* What is needed *
As you write out the lines from the one containing "Courtside Cool Striped" through the last line of the records, keep them exact and leave out pictures.

* Provided data *
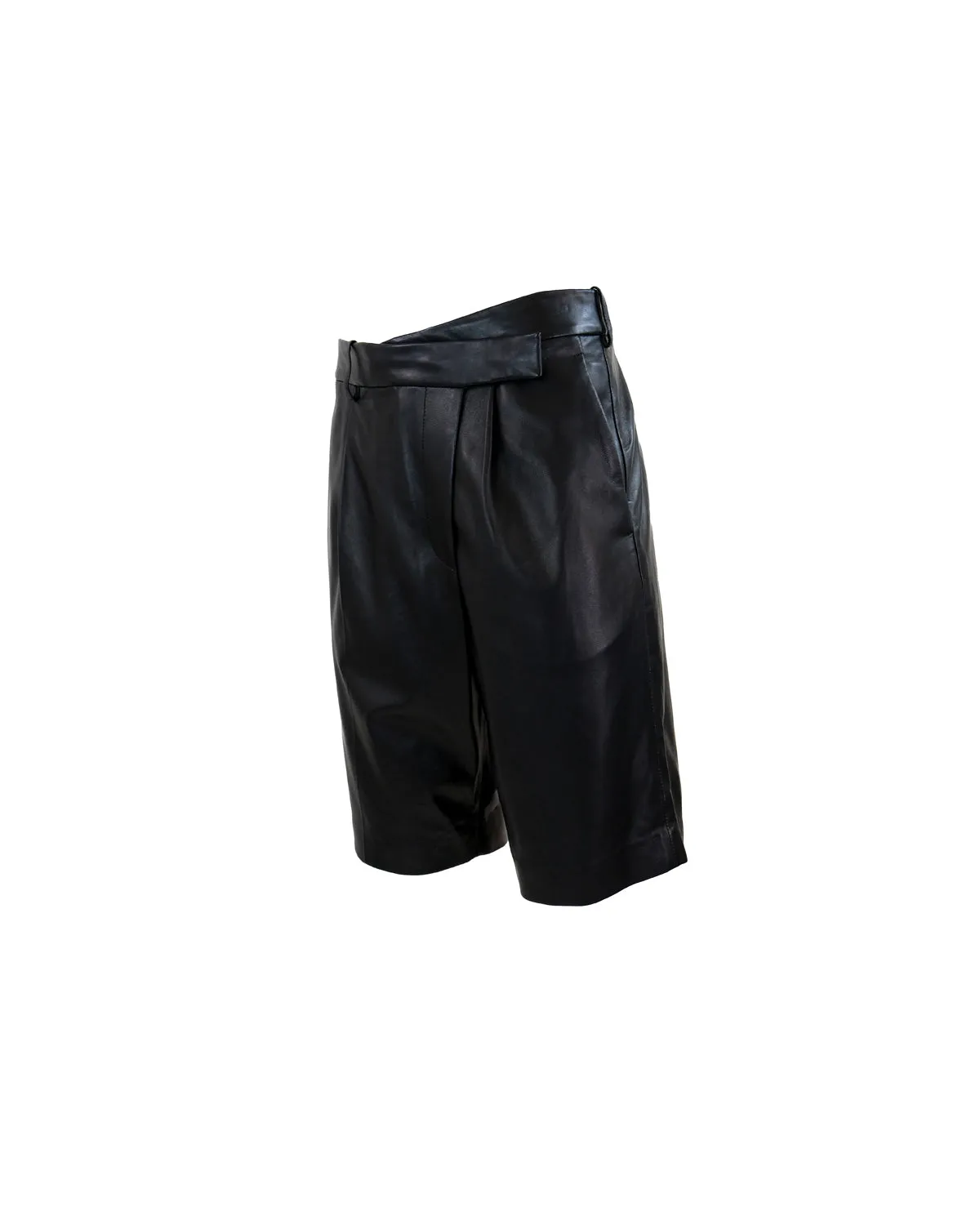 Leto Cross-Over Waist Bermuda Shorts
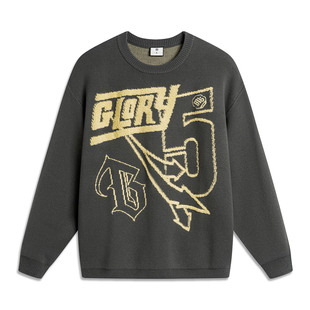 李宁正品 AMBT259 反伍BADFIVE男子潮流休闲印花圆领宽松套头编织衫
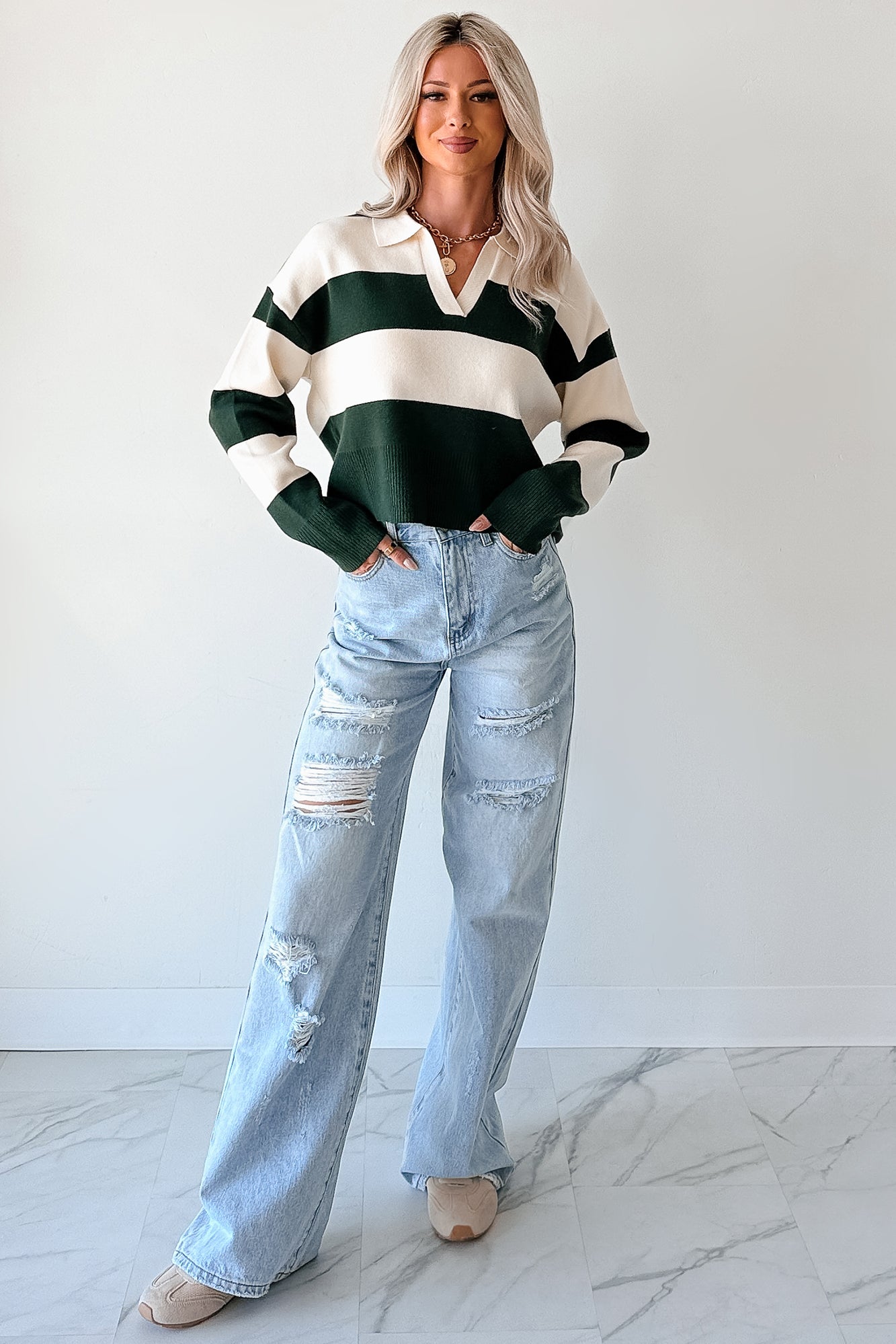 Courtside Cool Striped Collared Sweater (Hunter Green/Ivory) - NanaMacs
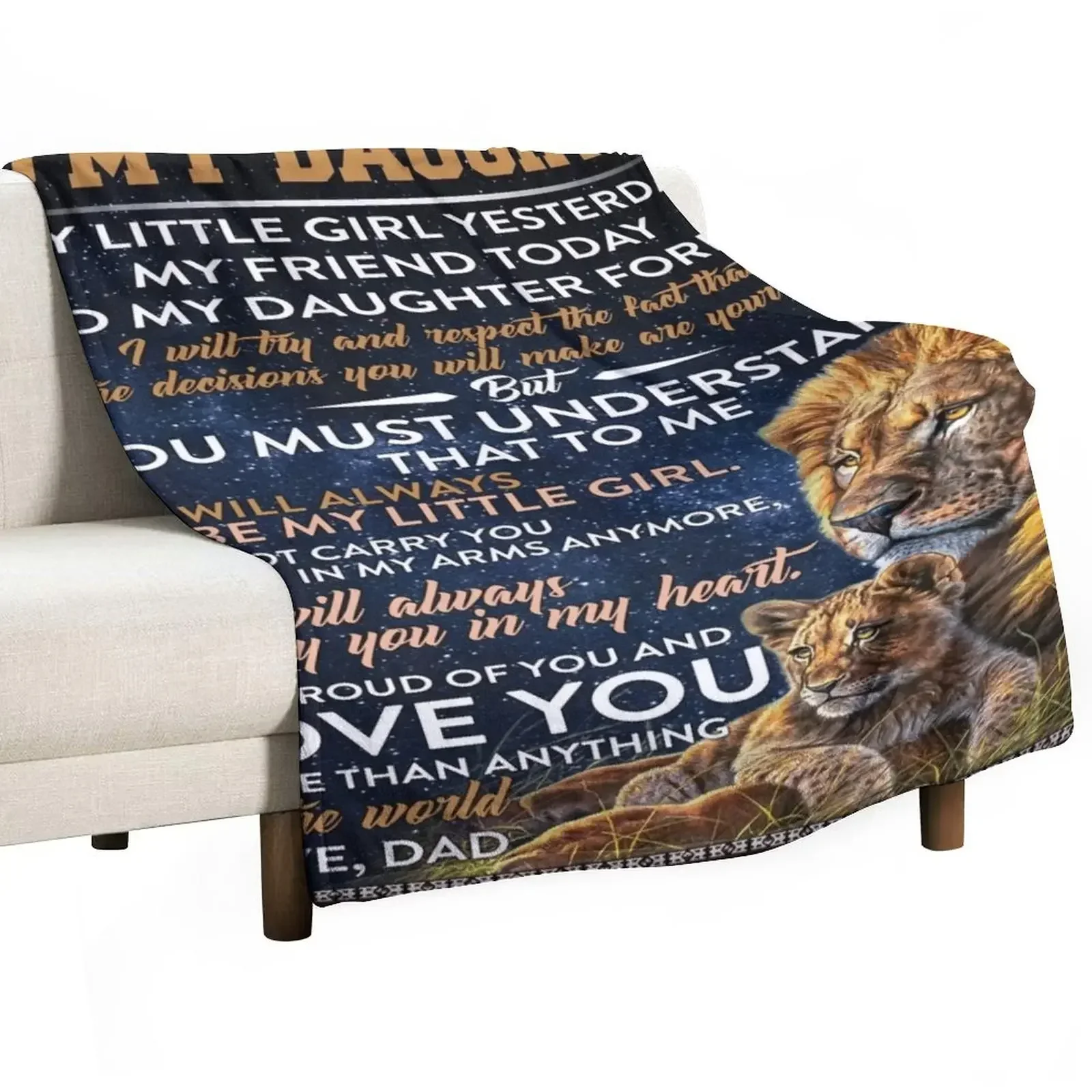 

to my daughter from dad - Lion dad to daughter Throw Blanket Flannel Fabric Stuffeds Cute Plaid Blankets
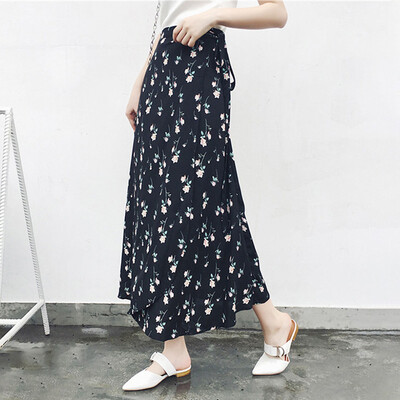 

Floral Womens Summer Skirts Below The Knee Korean Style Fairy Elegant Casual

* Your solution *
 Courtside Cool Striped Collared Sweater (Hunter Green/Ivory) - NanaMacs

to my daughter from dad - Lion dad to daughter Throw Blanket Flannel Fabric Stuffeds Cute Plaid Blankets

Floral Womens Summer Skirts Below The Knee Korean Style Fairy Elegant Casual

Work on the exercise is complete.